Aim of the exercise: Copy the listing out exactly as shown.

-.-.-

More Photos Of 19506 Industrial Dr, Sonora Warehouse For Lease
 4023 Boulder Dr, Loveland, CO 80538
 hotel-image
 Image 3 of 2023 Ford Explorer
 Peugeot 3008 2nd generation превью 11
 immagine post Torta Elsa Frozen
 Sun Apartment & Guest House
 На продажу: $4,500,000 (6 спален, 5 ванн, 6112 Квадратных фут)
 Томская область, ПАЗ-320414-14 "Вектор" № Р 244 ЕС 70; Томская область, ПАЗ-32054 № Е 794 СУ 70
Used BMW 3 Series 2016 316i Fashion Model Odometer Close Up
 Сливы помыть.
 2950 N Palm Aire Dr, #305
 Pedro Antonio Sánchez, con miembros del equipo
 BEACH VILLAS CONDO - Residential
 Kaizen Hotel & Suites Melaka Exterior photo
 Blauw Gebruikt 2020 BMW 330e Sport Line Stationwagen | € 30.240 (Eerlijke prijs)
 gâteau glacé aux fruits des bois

-.-.-

Task answer:
More Photos Of 19506 Industrial Dr, Sonora Warehouse For Lease
 4023 Boulder Dr, Loveland, CO 80538
 hotel-image
 Image 3 of 2023 Ford Explorer
 Peugeot 3008 2nd generation превью 11
 immagine post Torta Elsa Frozen
 Sun Apartment & Guest House
 На продажу: $4,500,000 (6 спален, 5 ванн, 6112 Квадратных фут)
 Томская область, ПАЗ-320414-14 "Вектор" № Р 244 ЕС 70; Томская область, ПАЗ-32054 № Е 794 СУ 70
Used BMW 3 Series 2016 316i Fashion Model Odometer Close Up
 Сливы помыть.
 2950 N Palm Aire Dr, #305
 Pedro Antonio Sánchez, con miembros del equipo
 BEACH VILLAS CONDO - Residential
 Kaizen Hotel & Suites Melaka Exterior photo
 Blauw Gebruikt 2020 BMW 330e Sport Line Stationwagen | € 30.240 (Eerlijke prijs)
 gâteau glacé aux fruits des bois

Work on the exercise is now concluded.